Your goal — Output the records below in full, word for word; pictures do not belong in it.

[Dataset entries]
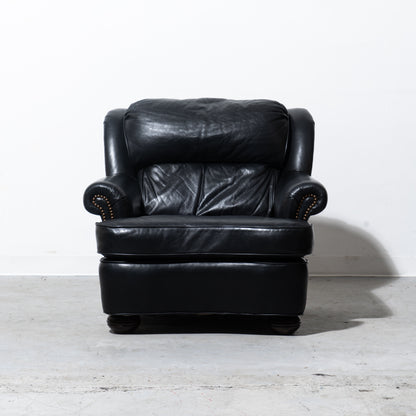 HickoryCraft Black Leather Armchair With Nailhead Accents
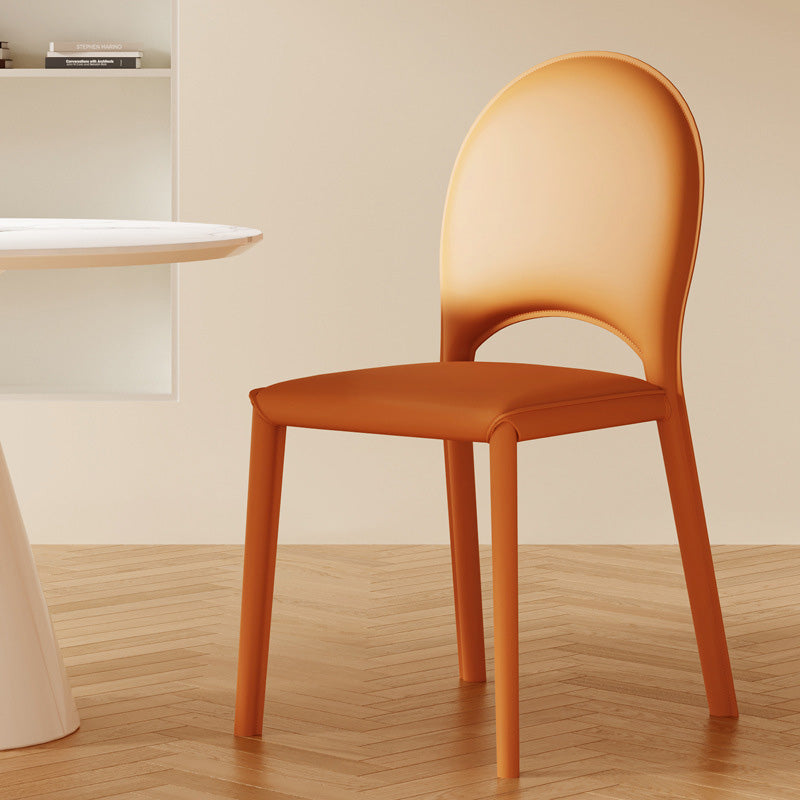 Modern Minimalist Square Oval Back Genuine Leather Carbon Steel Dining Chair For Dining Room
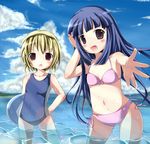  ball beachball bikini blonde_hair blue_hair blush cloud collarbone day fang flat_chest furude_rika hairband higurashi_no_naku_koro_ni houjou_satoko kazura long_hair multiple_girls navel one-piece_swimsuit open_mouth outdoors outstretched_arm outstretched_hand purple_eyes short_hair sky standing string_bikini swimsuit wading water 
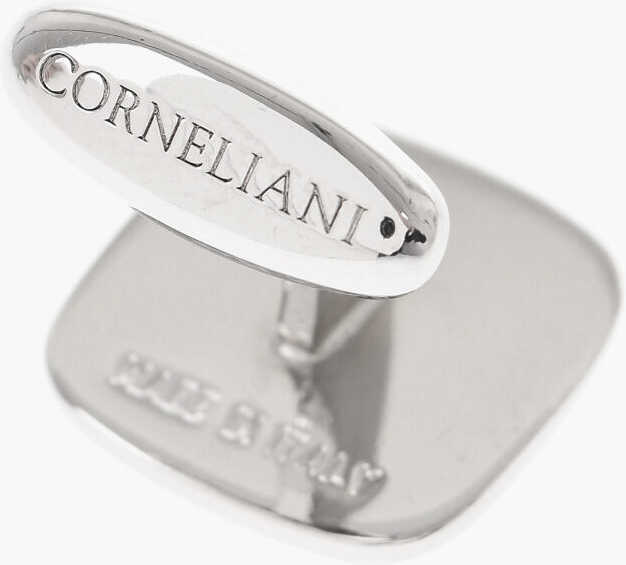 Butoni CORNELIANI Enameled Brass Cufflinks With Swarovskis Red Barbati (BM 18079666) 3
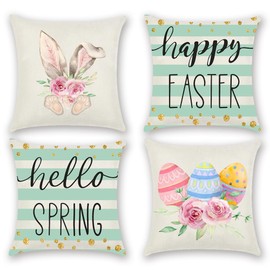 Happy Easter Rabbit Pillow Covers 18x18, Easter Egg Throw Pillows Case Hello Spring Pillow Case Festival Throw Cushion Cover Decorative Green Spring Cushion Covers,4 Pack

Your solution —
 HickoryCraft Black Leather Armchair With Nailhead Accents
 Modern Minimalist Square Oval Back Genuine Leather Carbon Steel Dining Chair For Dining Room
  ball beachball bikini blonde_hair blue_hair blush cloud collarbone day fang flat_chest furude_rika hairband higurashi_no_naku_koro_ni houjou_satoko kazura long_hair multiple_girls navel one-piece_swimsuit open_mouth outdoors outstretched_arm outstretched_hand purple_eyes short_hair sky standing string_bikini swimsuit wading water 
 Butoni CORNELIANI Enameled Brass Cufflinks With Swarovskis Red Barbati (BM 18079666) 3
 Happy Easter Rabbit Pillow Covers 18x18, Easter Egg Throw Pillows Case Hello Spring Pillow Case Festival Throw Cushion Cover Decorative Green Spring Cushion Covers,4 Pack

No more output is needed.